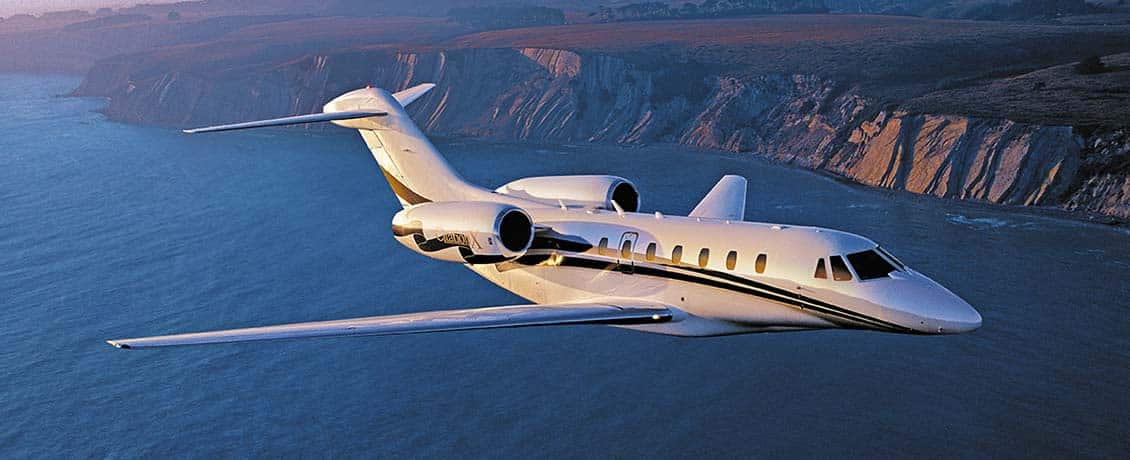 Flight of the Cessna Citation X
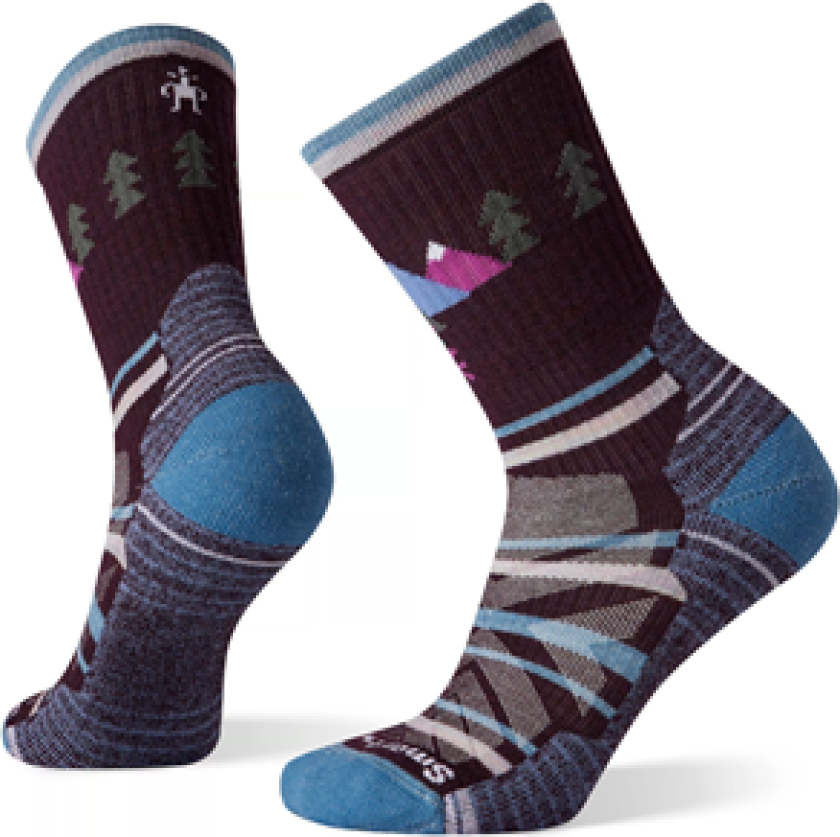 SmartWool Performance Hike LC Under The Stars Crew, Dame Bordeaux M (38-41)
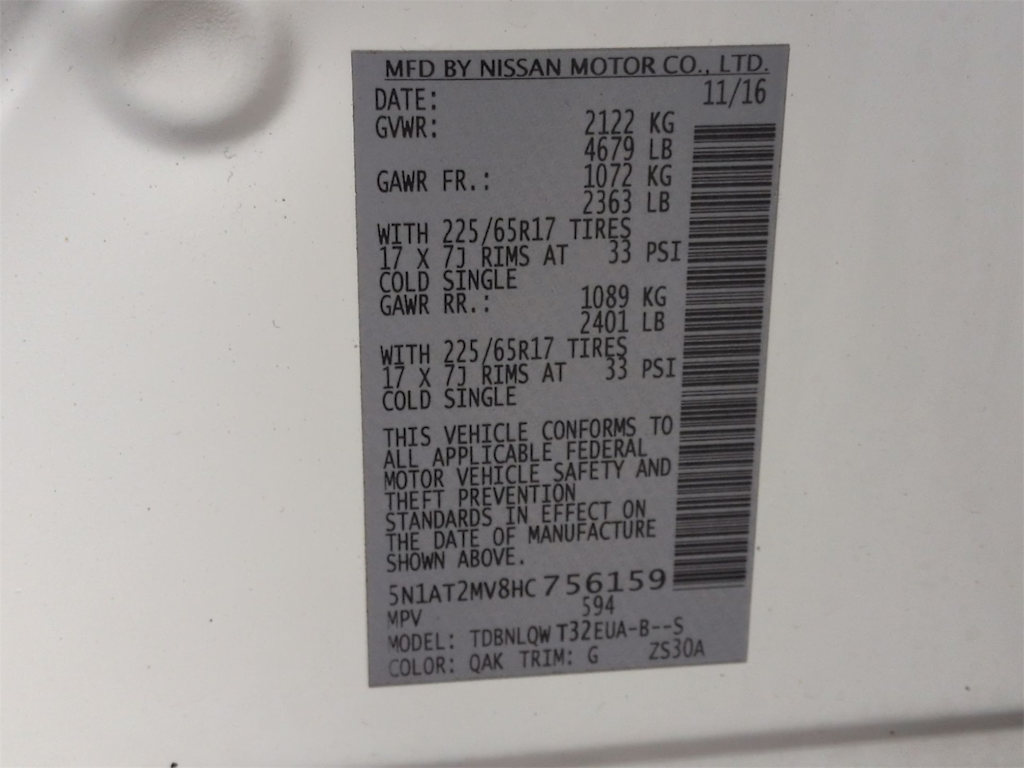 Thumbnail: 2017 Nissan Rogue - 20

What this task involves:
The data is to be restated word for word, with any pictures set aside.

Result:
 Flight of the Cessna Citation X
 SmartWool Performance Hike LC Under The Stars Crew, Dame Bordeaux M (38-41)
 Thumbnail: 2017 Nissan Rogue - 20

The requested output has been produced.